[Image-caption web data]
..........
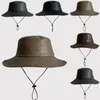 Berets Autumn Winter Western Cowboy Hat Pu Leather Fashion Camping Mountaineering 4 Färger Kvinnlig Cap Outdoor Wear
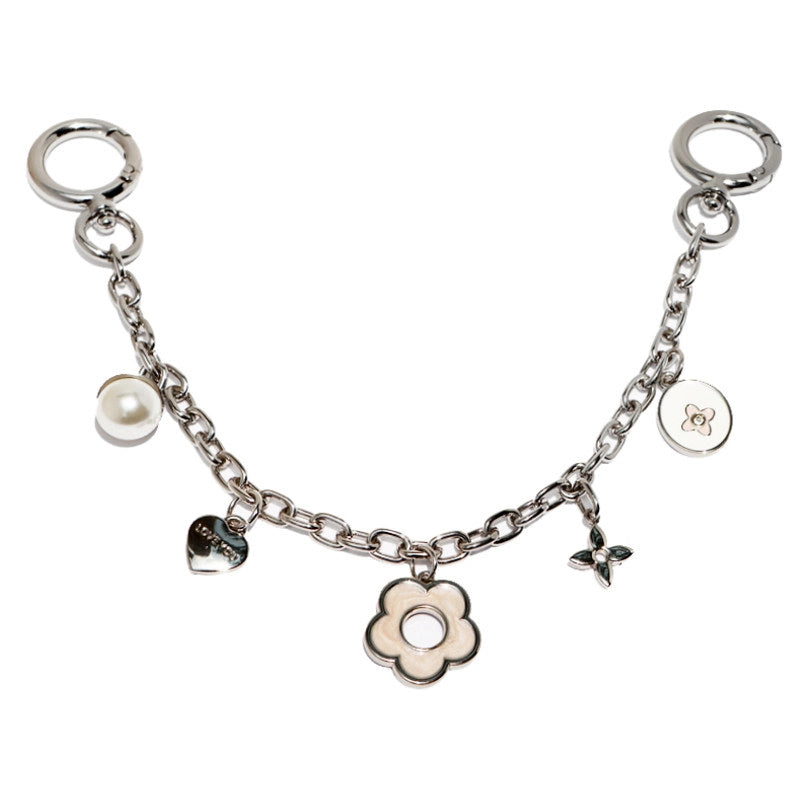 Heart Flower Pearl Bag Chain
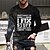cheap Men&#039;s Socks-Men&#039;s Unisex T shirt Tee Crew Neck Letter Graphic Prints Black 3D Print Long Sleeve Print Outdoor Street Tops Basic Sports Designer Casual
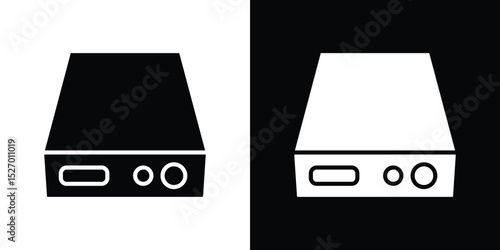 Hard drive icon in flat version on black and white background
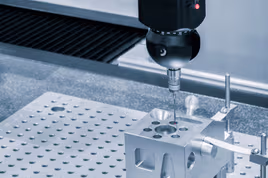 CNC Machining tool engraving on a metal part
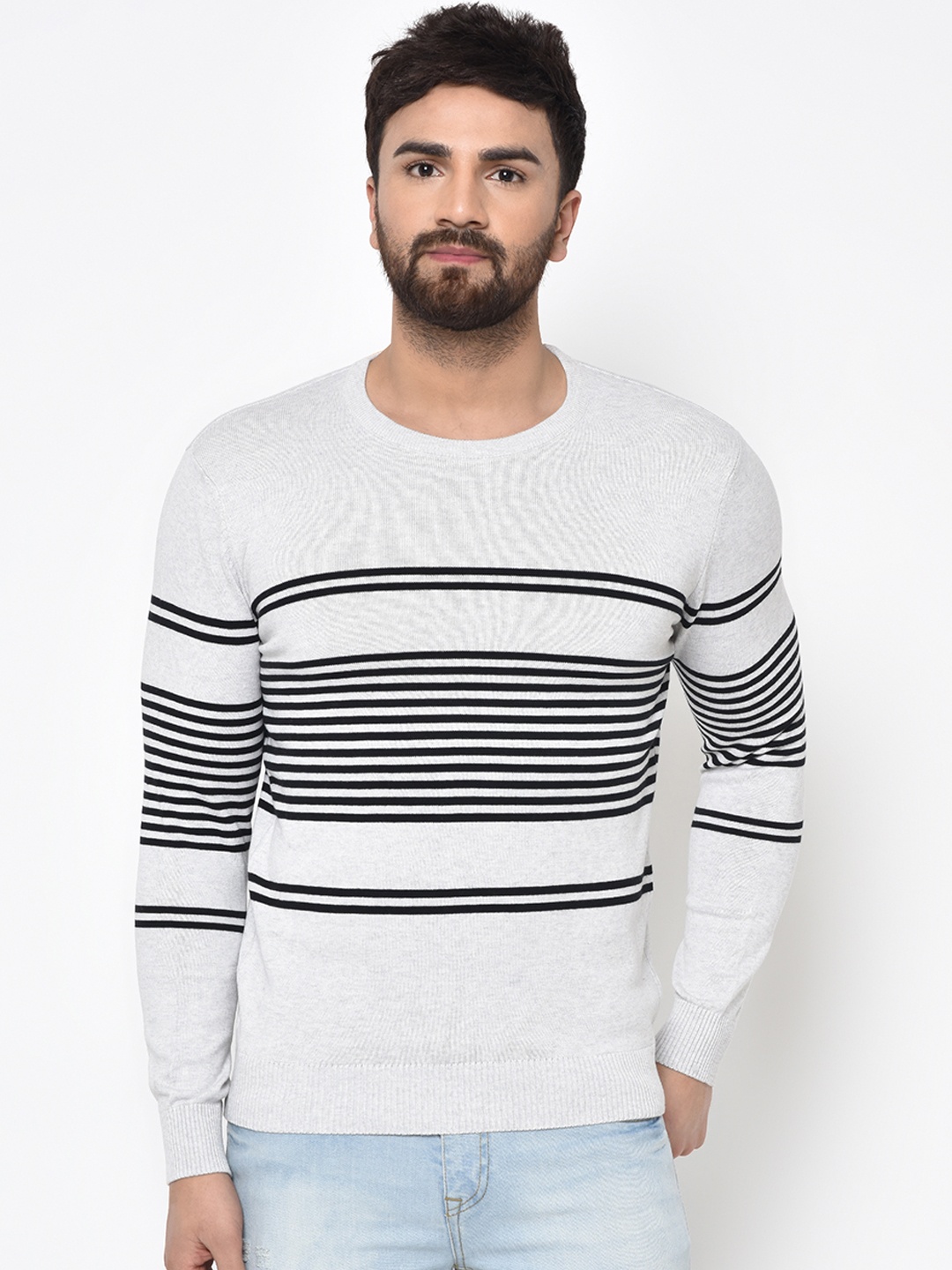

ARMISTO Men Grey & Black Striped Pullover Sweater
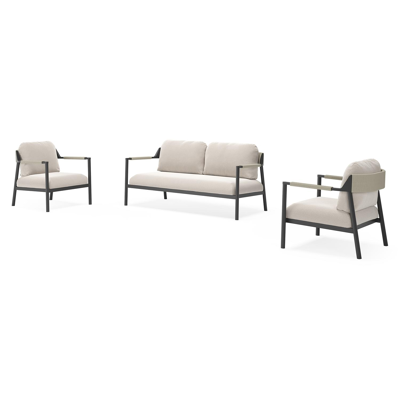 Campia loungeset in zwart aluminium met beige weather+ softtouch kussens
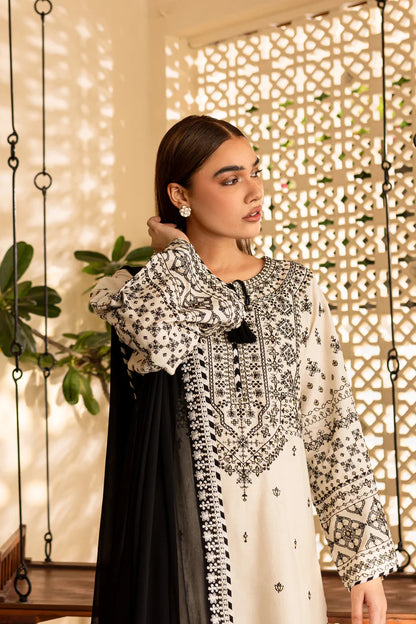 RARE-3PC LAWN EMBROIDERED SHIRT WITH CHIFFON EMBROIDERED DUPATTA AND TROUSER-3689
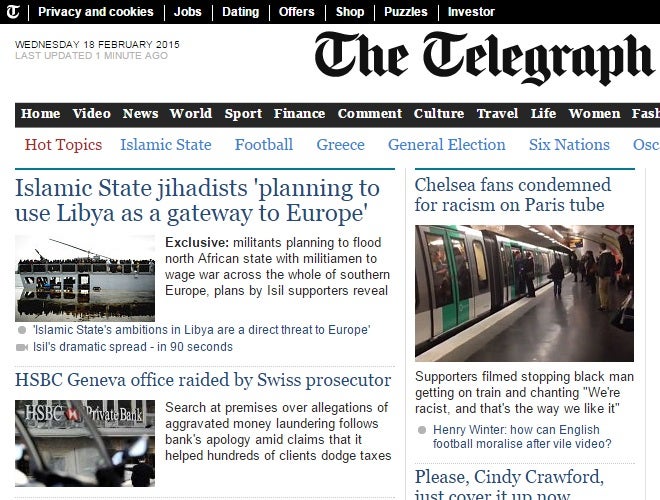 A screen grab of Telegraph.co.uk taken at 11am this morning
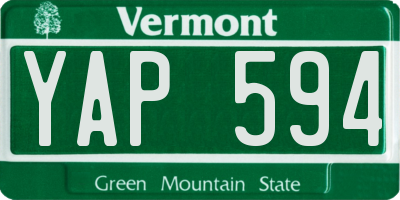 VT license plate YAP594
..........
The task.
Only an exact copy of the lines from the one with "RARE-3PC LAWN EMBROIDERED" through the last line of the data above is wanted, and no pictures.

Your response.
 RARE-3PC LAWN EMBROIDERED SHIRT WITH CHIFFON EMBROIDERED DUPATTA AND TROUSER-3689
 A screen grab of Telegraph.co.uk taken at 11am this morning
 VT license plate YAP594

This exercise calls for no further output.